Now that the likelihood and prior have been computed.... we just multiply them! That creates the unstandardized posterior, then we divide it by the sum of itself. Bam. Posterior.

d <- tibble(m = g$m, s = g$s, 
       mpg_m_prior, mpg_s_prior, mpg_likelihood) %>% 
  mutate(mpg_post_unstd = mpg_m_prior * mpg_s_prior * mpg_likelihood) %>% 
  mutate(post = mpg_post_unstd / sum(mpg_post_unstd))

And here's a visualization of what that looks like. The posterior here is two-dimensional, so I used geom_tile to get  sense of it.

ggplot(d, aes(x = m, y = s, fill = post, z= mpg_post_unstd)) +
  geom_tile() +
  scale_fill_viridis_c() +
  theme_minimal()

And the Bayesian mean here is 20.

> d[which.max(d$post),]
# A tibble: 1 x 7
      m     s mpg_m_prior mpg_s_prior mpg_likelihood mpg_post_unstd   post
  <dbl> <dbl>       <dbl>       <dbl>          <dbl>          <dbl>  <dbl>
1    20   5.9       0.106        0.05       3.43e-45       1.83e-47 0.0201

The precision of this estimate is restricted by the resolution of the grid.
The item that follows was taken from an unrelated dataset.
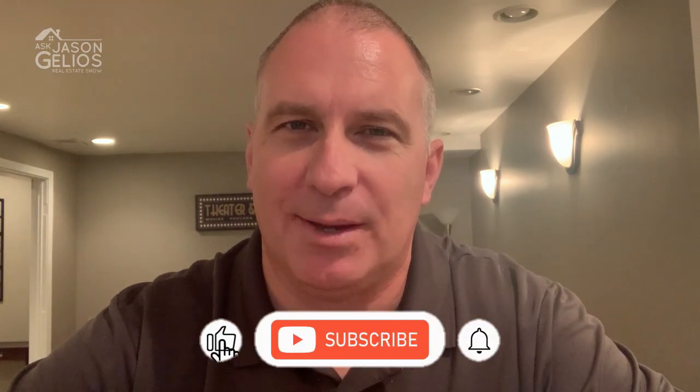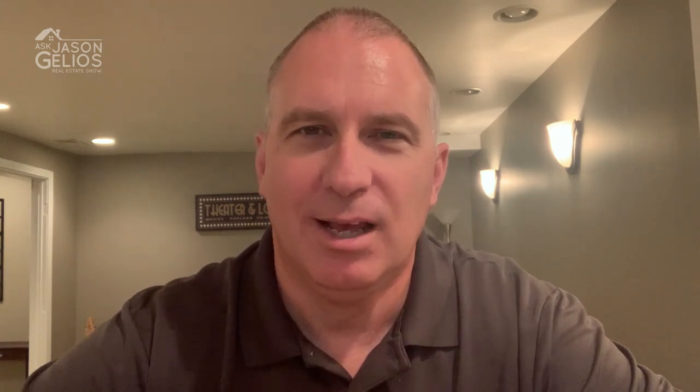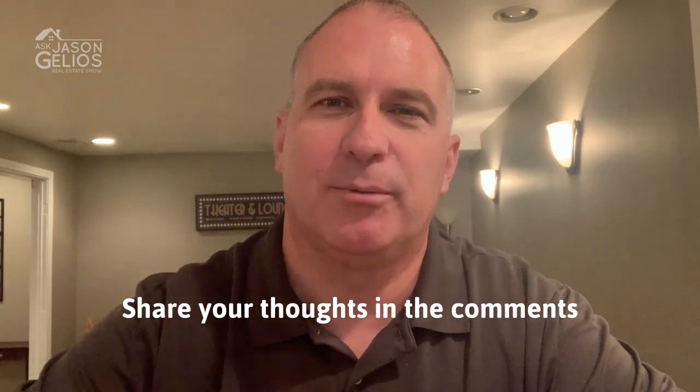I hope you found this episode valuable. Go ahead and share your thoughts in the comments, and I invite you to follow me on social media — those links are in the description. I'm Jason Jellius, Michigan Realtor — make it a great week.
It's exactly 20 because the grid doesn't have values for 20.1 or such.

I increased N to 1000 instead of 100 (thus there were 1,000,000 combinations of parameter values), and I estimated the mean as 19.8.

> d[which.max(d$post),]
# A tibble: 1 x 7
      m     s mpg_m_prior mpg_s_prior mpg_likelihood mpg_post_unstd     post
  <dbl> <dbl>       <dbl>       <dbl>          <dbl>          <dbl>    <dbl>
1  19.8  5.94       0.110        0.05       3.34e-45       1.85e-47 0.000199

Highest Posterior Density Interval

The posterior is not a point though - it's a distribution. I just used the highest value of the posterior in the grid to select a point value. This gives us some options, do we choose the maximum? - the median? How do we define the credible interval? That's what I wanted to explore in the next post.
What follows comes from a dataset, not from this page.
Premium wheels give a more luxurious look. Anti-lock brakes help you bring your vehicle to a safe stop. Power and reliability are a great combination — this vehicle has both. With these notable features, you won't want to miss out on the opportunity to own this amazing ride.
[1]: McElreath, R. 2020. Statistical rethinking: A Bayesian course with examples in R and Stan. Boca Raton, FL: Chapman & Hall/CRC Press.

[2]: Gelman, A., Carlin, J. B., Stern, H. S., Dunson, D. B., Vehtari, A., & Rubin, D. B. (2013). Bayesian data analysis. CRC press.

[3]: Kruschke, J. (2014). Doing Bayesian data analysis: A tutorial with R, JAGS, and Stan. Academic Press.